We have been experiencing an issue in our system when enabling buddy replication. The issue manifests itself in way that replication seems to be completely missing. We can turn the issue on and off by enabling/disabling buddy replication so I have focused on isolating the problem in a stand-alone test.
In my test scenario I am now able to create something I think is a bug. I am using two caches with buddy replication enabled and force data gravitation between them. I then fail the secondary cache and examine if the data was recoverable on the primary cache. This works like a charm. However, when I do this a second time around, i.e. start up a new cache again, the same scenario fails.
The second time, the objects gravitated from the primary cache are not removed as they are the first time around and when we inspect the cache for recovered data after failing the second secondary cache, we get the wrong data. The primary cache has the correct data under its _buddy_backup node but since it prefers its own data, it will read the 'wrong' version.

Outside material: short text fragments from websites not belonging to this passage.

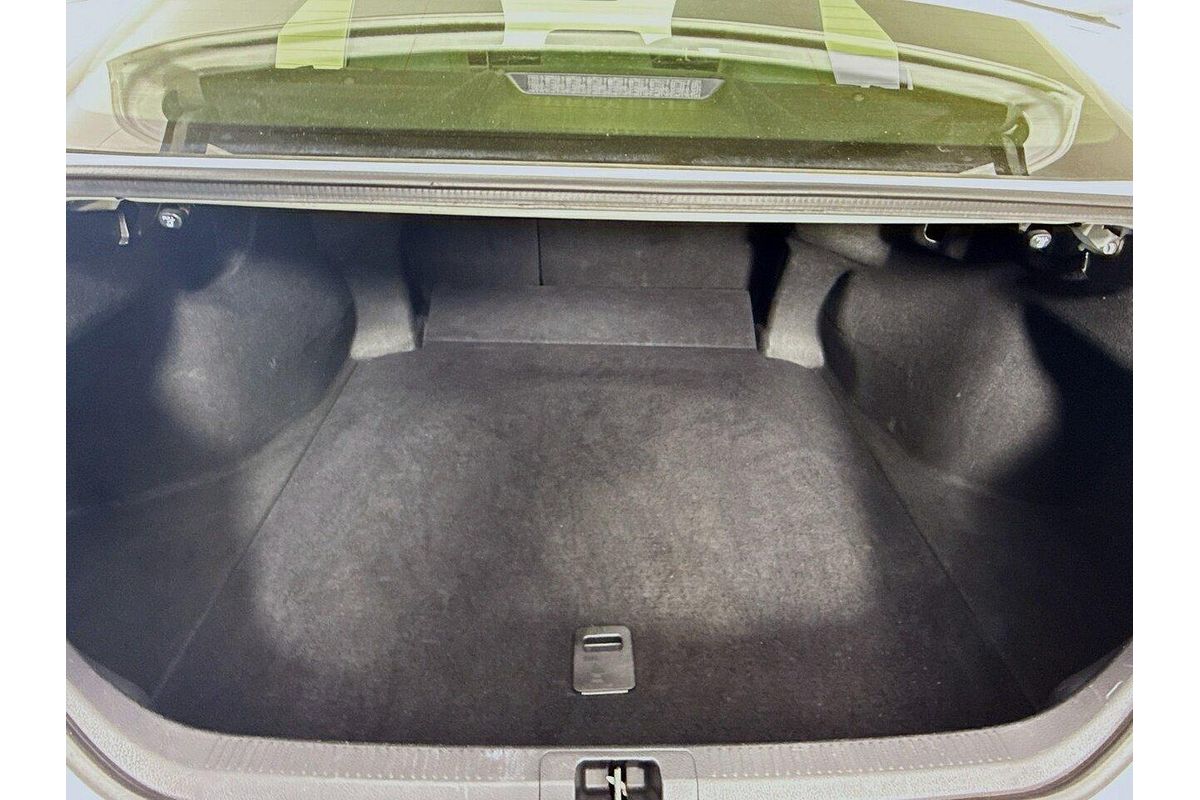 2019 Toyota Camry Ascent ASV70R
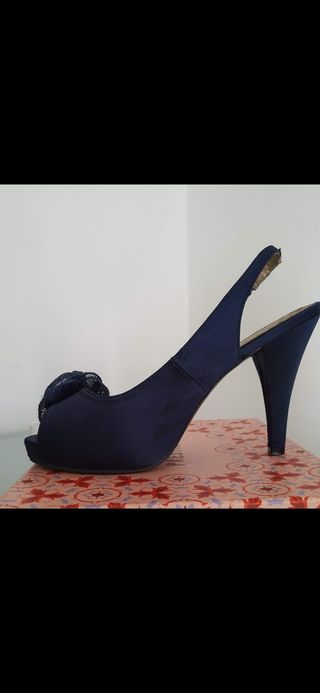 Zapatos de tacón azul marino
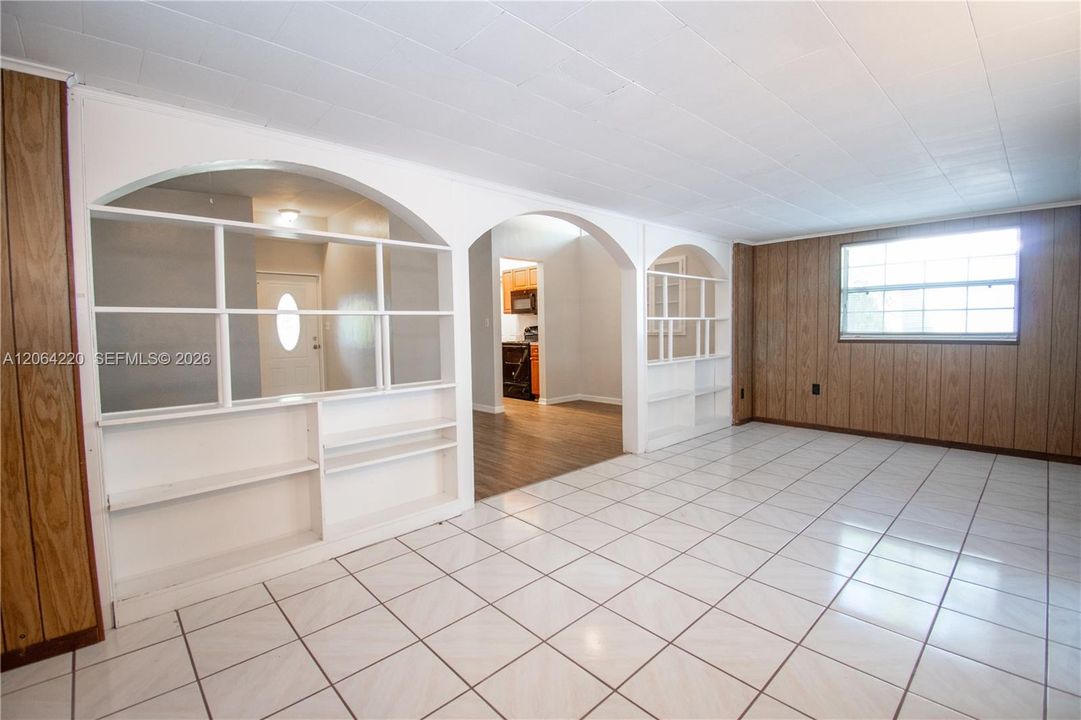 For Sale: $449,000 (3 beds, 2 baths, 1560 Square Feet)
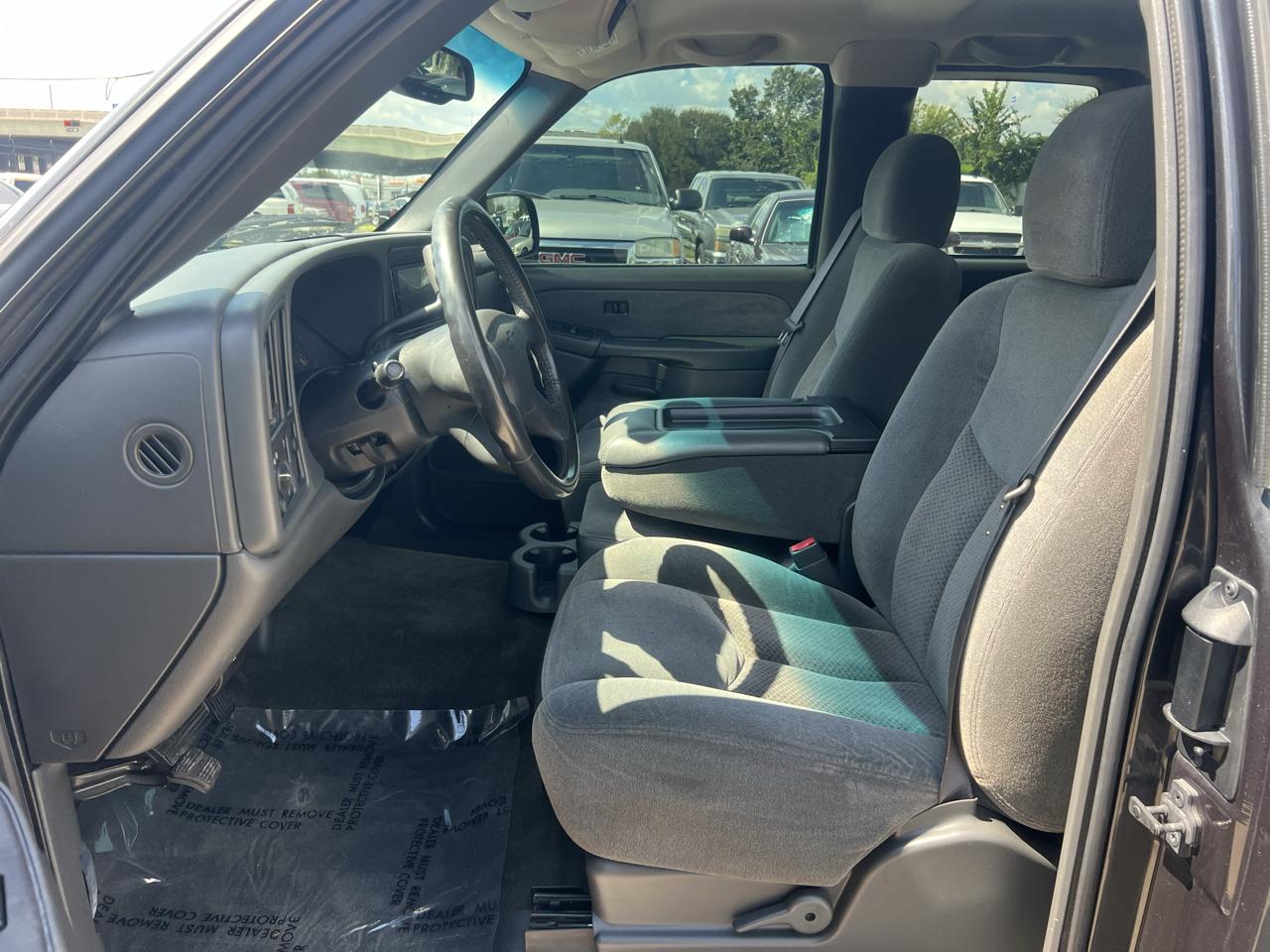 Chevrolet Silverado 1500 Ext. Cab Short Bed 2WD 2003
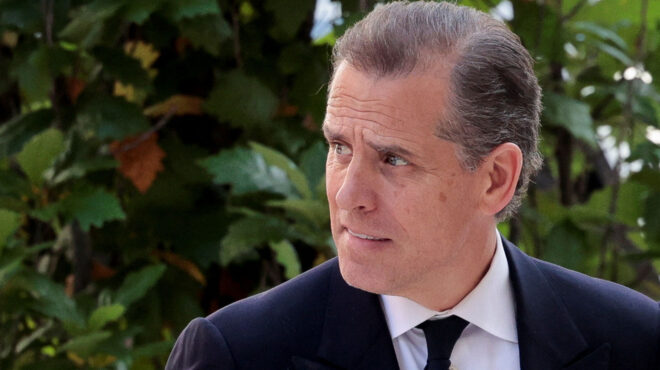 χάντερ-μπάιντεν-οι-κακές-παρέες-οι-ε-563075515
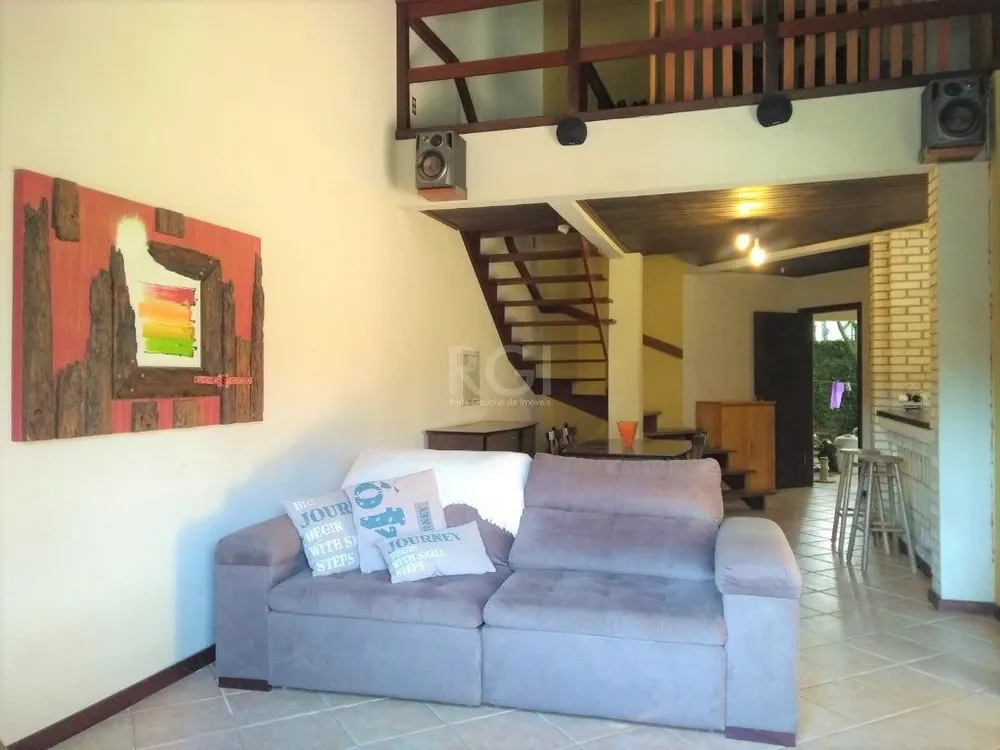 Casa, 3 quartos, 219 m² - Foto 2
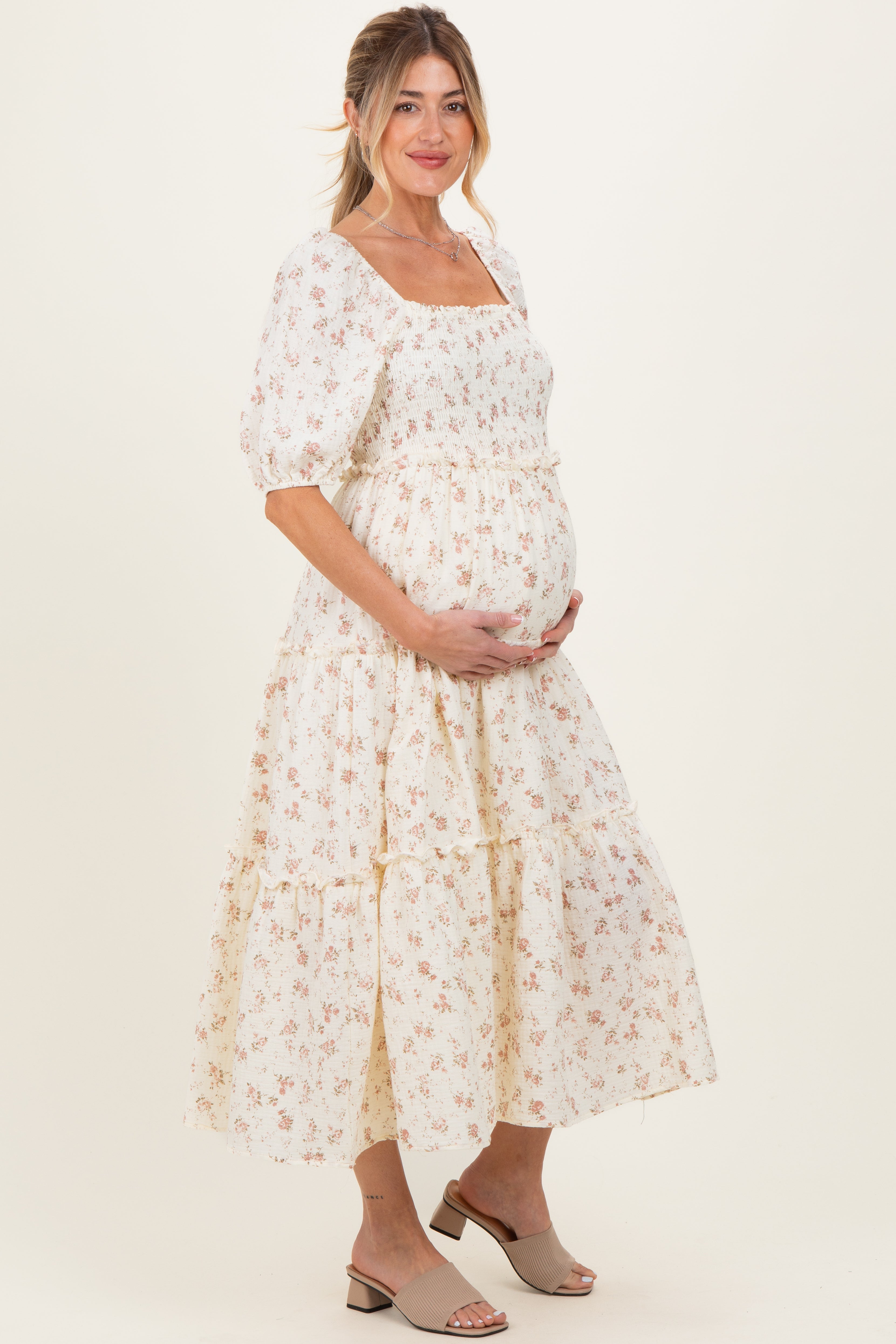 Umstands-Maxikleid mit Rosenmuster und Smok-Oberteil in Elfenbein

This is pretty complex to explain, so I have posted the complete test code here: http://www.cubeia.com/misc/buddyrep/
I've tried to add comments to the code to be as explanatory as possible. The test was written for 2.1.0.GA.
I do have an understanding of data affinity and what the concept implies, however, I believe that the test do not break or abuse data affinity but rather tests fail-over scenarios when using buddy replication. Finally, why should the behavior change because the cache had a member in the past?
I hope you can run the test and try it out. Just ask away if the code not making any sense to you =)
I have been able to recreate this. I will soon add a modified version of your test (modified to fit our test fwk) to our unit test suite.
Just as an FYI, this fails on branch 2.1.X but not on trunk (soon-to-be 2.2.0). I'll add a more formal analysis about this issue soon, but for now, see:
JBCACHE-1320, which is a feature added in 2.2.0 which probably fixed this issue.
Okay, I have traced this down and it has nothing to do with JBCACHE-1320. It has been fixed in trunk as a matter of course in refactoring some classes.
It is fixed in Branch 2.1.X as well and will be released with 2.1.1, but there is a workaround for 2.1.0.GA as well - see JBCACHE-1330.
Do let me know if the workaround solves your problem!